Revision as of 17:22, 1 November 2017

iGem Tübingen 2017

Team Inspiration Results Human Practice Lab Attribution

Chemistry

Introduction

In order to characterize our new antibiotic we wanted to answer three questions: In the process of modifying our aminocoumarin in vivo, the need arose to create a novel 4-hydroxybenzoic acid derivative, that might be recognized by the CloL enzyme and contains the possibility to form a β-lactam ring. Therefore, we chose to substitute the isoprenyl moiety of the native aminocoumarins with a 3-amino butanoic acid.
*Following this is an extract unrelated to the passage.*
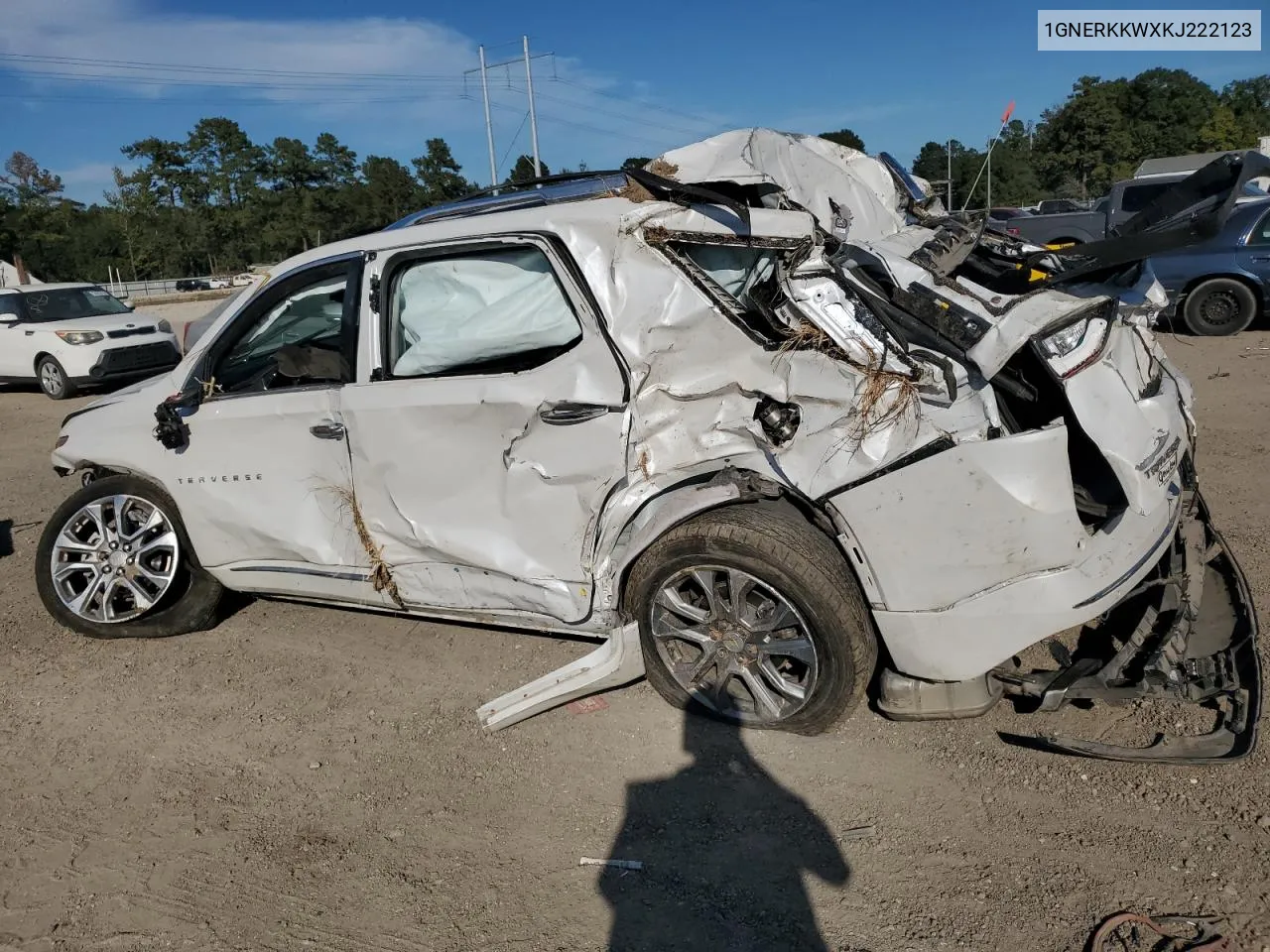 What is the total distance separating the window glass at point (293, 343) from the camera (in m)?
3.85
As shown in Fig.1, multiple synthesis pathways could easily be imagined to yield the desired compound.

Fig. 1: Various reactions that would result in the desired compound.

Unfortunately, many of those options had limited use for the synthesis of our compound, due to overly high costs (nucleophilic substitution) or poor expected yields in combination with a high probability of side reactions (Mannich). Therefore, we focused our efforts on the Aza-Michael and reductive amination reactions. Due to budget limitations, we chose to manufacture the 3-formyl-4-hydroxybenzoic acid needed for the reductive amination pathway ourselves. The inclined chemist may recognize many suitable reactions that are able to create this particular compound. However most of them either project low yields (Reimer-Tiemann) or deal with toxic compounds (Gattermann-Koch). Remaining pathways include the Vilsmeier-Haack and much less known Duff reaction, for which the synthesis of this specific intermediate has already been published. (Fu et al. 2015) The reaction mechanism can be seen in Fig. 2.
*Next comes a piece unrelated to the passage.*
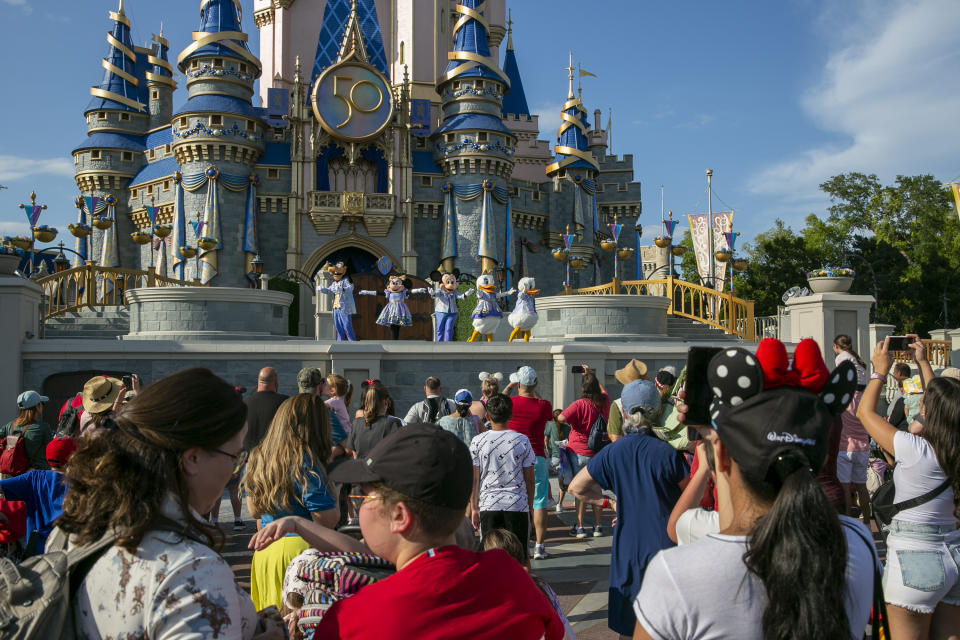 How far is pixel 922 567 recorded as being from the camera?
3.01 metres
Fig. 2: Reaction mechanism of the Duff reaction. As a first step the Urotropin is protonated, which causes a rearrangement to yield an iminium-ion. This ion is then attacked by the α-C atom of the phenolic compound in a nucleophilic substitution. After further protonation of the Urotropin-moiety, followed by formation of another iminium ion, a series of hydride shifts will result in a conjugated system. This compound is then hydrolysed by addition of aqueous acid to yield the formyl-derivative of the phenolic compound. In the same step the urotropin moiety decomposes into ammonia and formaldehyde.

Although not necessary for ortho-selectivity in our reaction, we elected to use the copper catalyzed Duff reaction hoping it might result in an increased reaction rate. Additionally to the Duff-Reaction, we elected to use an Aza-Michael reaction to yield a methylated derivative of our originally designed compound. The reaction mechanism can be seen in Fig.3

Fig. 3: Reaction mechanism of the Aza-Michael reaction. This reaction occurs congruently to a normal Michael-reaction, the only difference being, that the attacking nucleophile is not a deprotonated carbon, but a deprotonated amine.

Results

The success of the chemical synthesis was analyzed by LC-MS. Because the acidified substance did not crystallize it was stored in methanol. Fig 4. shows us how the substance was mono-, di-, and trimethylated over time.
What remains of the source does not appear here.